For years, the legal industry has broadly accepted that bringing legal work in-house can save money and provide greater control for corporate legal departments. While this belief holds true, our analysis, based on financial and operational data from the ACC 2025 Law Department Management Benchmarking Survey, reveals a more nuanced picture.
We identify precisely where and how insourcing translates into quantifiable financial advantages, equipping legal leaders with the empirical insights needed to optimize their operational models, allocate resources effectively, and demonstrate tangible value to their organizations.
Takeaways
- Data is Key. The prevailing wisdom about insourcing driving cost savings is often based on assumption. Our report provides rigorous, quantitative analysis to back up the real financial benefits.
- Not All Insourcing is Equal. A broad-stroke approach to insourcing does not necessarily lead to savings. Our research shows no simple correlation between overall insourcing rates and total legal spend.
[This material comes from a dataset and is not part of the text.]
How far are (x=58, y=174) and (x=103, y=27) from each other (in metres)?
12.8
- Targeted Insourcing Drives Major Savings. Significant cost reductions are achieved by strategically insourcing specific, high-value legal work areas.
- Outside Counsel Spend is the Primary Lever. The substantial cost savings from targeted insourcing come primarily from a dramatic reduction in outside counsel expenditures. While internal operational costs may see a marginal increase, these are overwhelmingly offset.
- Empirical Evidence for Strategic Decisions. This report gives legal leaders the data-backed ammunition to identify precisely which legal work categories offer the greatest financial returns when brought in-house, justify internal growth and resource allocation to the C-suite, and optimize legal spend portfolios by building efficient hybrid models.